The kid makes a baffled what-do-you-want-from-me grimace, but Cal waits. “He can’t sit still,” Trey says, in the end. “Mam gives out about that. He got in hassle in school for it, and for messing.”
When Cal keeps waiting: “He likes motorbikes. And making stuff. Like when I was a kid, he made me little cars that actually went, and experiments out the back field to blow stuff up. And he’s not thick. He has ideas. In school he made a load of money buying sweets in town and then selling them at lunch, till the teachers found out.” He glances at Cal, checking whether that’s enough.
Cal is thinking that it sounds like Brendan takes after his daddy a lot more than Trey does, and look what Daddy ended up doing. “Good,” he says. “I like to get an idea who I’m looking for, see what direction it points me. Your brother have any medical conditions? Mental illnesses?”
“No!”
“It’s not an insult, kid,” Cal says. “I need to know.”
The kid is still affronted. “He’s grand.”
“Never went to the doctor for anything?”
“He broke his arm one time. Came off a motorbike. But he went to the hospital for that, not the doctor.”
“He ever seem depressed to you? Anxious?”
Clearly these aren’t concepts to which Trey has given a lot of thought. “He was well pissed off when he didn’t get into college,” he offers, after considering this.
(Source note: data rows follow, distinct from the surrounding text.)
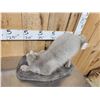 Image 7 : Ranch Fox Pup At Play Full Body Taxidermy Mount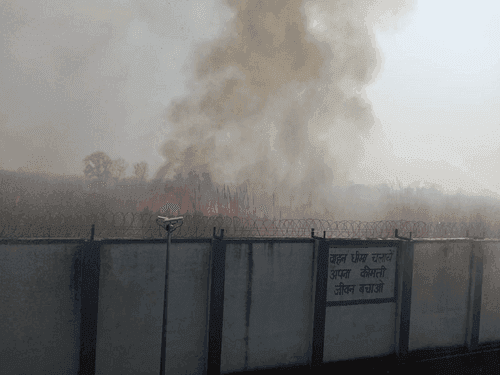 Image for झाड़ियां में लगी आग पर फायर यूनिट सिडकुल ने पाया काबू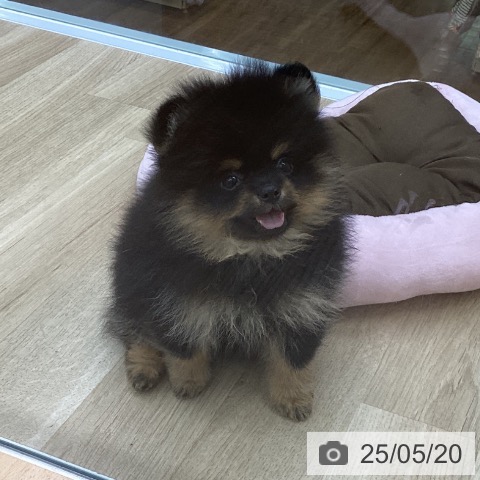 ポメラニアンの写真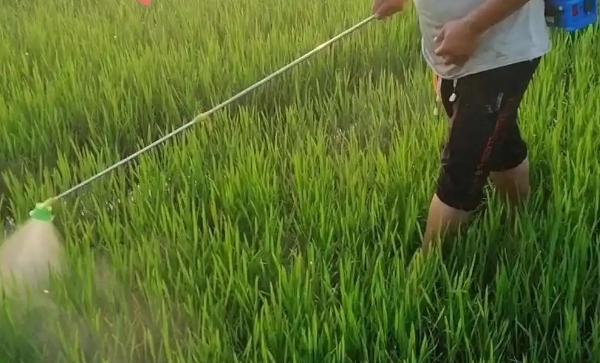 吡虫啉的杀虫效果怎么样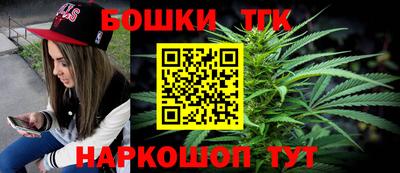 гашик Сланцы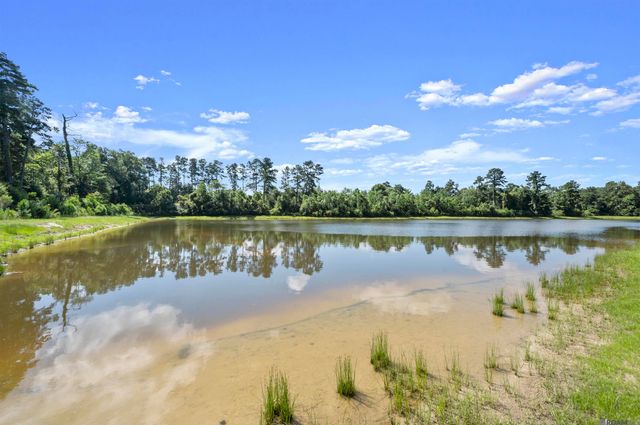 9674 Brookfield Ave, Denham Springs, LA 70726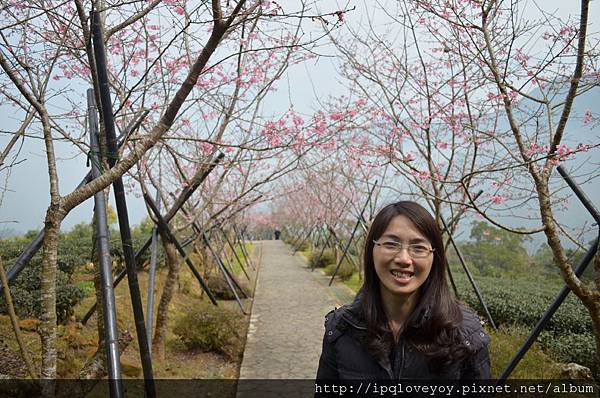 DSC_0080.JPG DSC_0080.JPG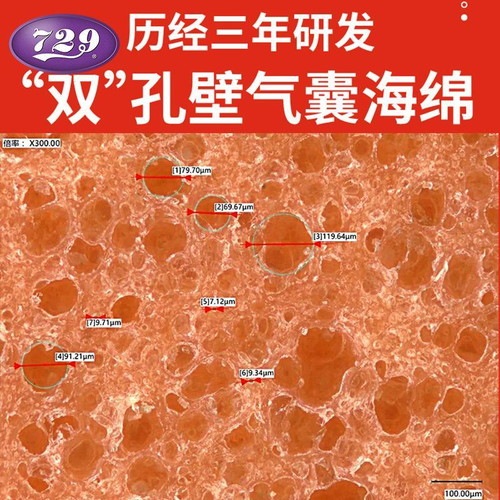 �ե��ɥ��åס�729�ۡ��Хȥ뭷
“Pissed off like what? Like staying in his room all day? Not eating? Not talking? What?”
Trey gives Cal a look like he’s being a drama queen. “Nah. Like pissed off. Like he swore a lot, and he went out on the lash that night, and he was in a humor all week. Then he said fuck college anyway, he’d be grand.”
“OK,” Cal says. That doesn’t sound like a tendency towards depression, but family aren’t always the best observers. “Who’d he hang out with?”
“Eugene Moynihan. Fergal O’Connor. Paddy Fallon. Alan Geraghty. Some other lads as well, but mostly them.”
Cal writes those down. “Which one was he closest to?”